Visualize the trained Decision Tree by using the `export_graphviz()` method to output a grph definition file called `iris_tree.dot`, then convert this dot file to a variety of formats such as PDF or PNG using the `dot` command-line tool from the `graphviz` package.
`dot -Tpng iris_tree.dot -o iris_tree.png`. **First you need to install graphviz package and configure the system path.**

In [2]:
from sklearn.tree import export_graphviz

export_graphviz(
        tree_clf,
        out_file = 'output/chapter5/iris_tree.dot',
        feature_names=iris.feature_names[2:],
        rounded=True,
        filled=True
)

![iris_tree](output/chapter5/iris_tree.png)

# Make Predictions
I think there is no need to explain the process of prediction.
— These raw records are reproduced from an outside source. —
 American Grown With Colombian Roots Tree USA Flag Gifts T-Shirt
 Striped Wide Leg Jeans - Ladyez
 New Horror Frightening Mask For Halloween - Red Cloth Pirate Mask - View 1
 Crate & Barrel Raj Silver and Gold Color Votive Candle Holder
Here are the meanings of a node's attibutes.
- Samples: the number of training samples it applies to.
- value: number of instances of each class
- gini: its impurity. If the instances in a node belong to the same class, it gini equals to 0.

*Equation 6-1. Gini impurity*
$$G_i=1-\sum_{k=1}^np_{i,k}^2$$
- $p_{i,k}$ is the ratio of class k instances among the training instances in the $i^{th}$ node.
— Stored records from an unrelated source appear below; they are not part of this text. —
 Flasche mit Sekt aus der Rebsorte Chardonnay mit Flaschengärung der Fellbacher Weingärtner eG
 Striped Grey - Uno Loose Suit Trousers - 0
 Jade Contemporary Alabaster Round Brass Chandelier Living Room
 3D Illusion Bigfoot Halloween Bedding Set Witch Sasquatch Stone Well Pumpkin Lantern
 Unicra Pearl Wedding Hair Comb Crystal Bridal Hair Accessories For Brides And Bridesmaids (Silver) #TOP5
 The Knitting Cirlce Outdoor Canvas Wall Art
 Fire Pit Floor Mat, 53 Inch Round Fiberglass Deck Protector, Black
**One of the many qualities of Decision Trees is that they require very little data preparation. In particular, they don't require feature scaling or centering at all.**

![fig 6-2](images/6-2.png)

# Estimating Class Probabilities
First it traverses the tree to find the leaf node for this instance, and then it returns the ratio of training instances of class k in this node.

In [3]:
tree_clf.predict_proba([[5,1.5]])

array([[ 0.        ,  0.90740741,  0.09259259]])

In [4]:
tree_clf.predict([[5,1.5]])

array([1])

# The CART Training Algorithm
The idea is simple: the algorithm first splits the training set in two subsets using a single feature k and a threshold $t_k$. It searches for the pair $(k,t_k)$ that produces the purest subsets(weighted by their size). The cost function is Equation 6-2.

*Equation 6-2. CART cost function for classification*
$$J(k,t_k)=\frac{m_{left}}{m}G_{left}+\frac{m_{right}}{m}G_{right}$$
- $G_{left/right}$ measures the impurity of the left/right subset.
- $m_{left/right}$ is the number of instances in the left/right subset.
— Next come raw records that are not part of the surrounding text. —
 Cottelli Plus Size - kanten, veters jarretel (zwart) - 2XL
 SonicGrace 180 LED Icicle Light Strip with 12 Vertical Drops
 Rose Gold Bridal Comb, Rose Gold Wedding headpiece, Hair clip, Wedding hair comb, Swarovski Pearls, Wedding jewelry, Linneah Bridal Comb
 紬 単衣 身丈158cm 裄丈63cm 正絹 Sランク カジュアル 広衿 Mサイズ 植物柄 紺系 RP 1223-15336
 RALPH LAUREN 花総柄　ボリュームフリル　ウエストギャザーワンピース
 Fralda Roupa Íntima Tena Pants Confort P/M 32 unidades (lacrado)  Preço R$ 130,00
It stops recursing once it reaches the maximum depth, or if it cannot find a split that will reduce impurity. So CART algorithm is a greedy algorithm. A greedy algorithm often produces a reasonably good solution, but it is not guaranteed to be the optimal solution.

# Gini Impurity or Entropy?
**The concept of entropy originated in thermodynamics(热力学) as a measure of molecular disorder: entropy approaches zero when molecules are still and well ordered. It later spread to a wide variety of domains, including Shannon's information theory, where it measures the average information content of a message: entropy is zero when all messages are identical.** Equation 6-3 shows the difinition of the entropy of the $i^{th}$ node.

*Equation 6-3. Entropy*
$$H_i=-\sum_{k=1}^{n} p_{i,k}log(p_{i,k})$$
$${p_{i,k}}\neq{0}$$

Most of time these two lead to similar trees. Gini impurity is slightly faster to compute, so it is a good default. However, when they differ, Gini impurity tends to isolate the most frequent class in tis own branch of the tree, while entropy tends to produce slightly more balanced trees.

# Regularization Hyperparameters
Decision Trees make very few assumptions about the training data. If unconstrained, the tree structure will adapt itself to the training data, fitting it very closely, and most likely overfitting it. Such a model is often called **nonparametric model** because the number of parameters is not determined prior to training. In contrast, a **parametric model** such as a linear model has a predetermined number of parameters, so its degree of freedom is limited, reducing the risk of overfitting.

**In scikit-learn, recuding the `max_` or increasing the `min_` will regularize the model and thus reducing the risk of overfitting. Another way to avoid overfitting is pruning unnecessary nodes(剪枝法).**

![fig 6-3](images/6-3.png)

# Regression

In [5]:
from sklearn.tree import DecisionTreeRegressor

tree_reg = DecisionTreeRegressor(max_depth=2)
tree_reg.fit(X,y)

DecisionTreeRegressor(criterion='mse', max_depth=2, max_features=None,
           max_leaf_nodes=None, min_impurity_decrease=0.0,
           min_impurity_split=None, min_samples_leaf=1,
           min_samples_split=2, min_weight_fraction_leaf=0.0,
           presort=False, random_state=None, splitter='best')

![fig 6-4](images/6-4.png)

![fig 6-5](images/6-5.png)

The CART algorithm works mostly the same way as earlier. It now tries to split the training set in a way taht minimizes the MSE.

![fig e6-4](images/e6-4.png)

Just like for classification tasks, Decision Trees are prone to overfitting when dealing with regression tasks.

![fig 6-6](images/6-6.png)

# Instability
1. Decision Trees love orthogonal decision boundaries(**all splits are perpendicular to an axis**), which makes them sensitive to training set rotation. One way to limit this problem is to use PCA, which often results in a better orientation of the training data.

![fig 6-7](images/6-7.png)

2. The main issue with Decision Trees is that they are sensitive to small variations in the training data.**Pay attention to the one with petals 4.8 cm long and 1.8 cm wide**.

![fig 6-2](images/6-2.png)

![fig 6-8](images/6-8.png)

**Random Forests can limit this instability by averagin predictioins over many trees.**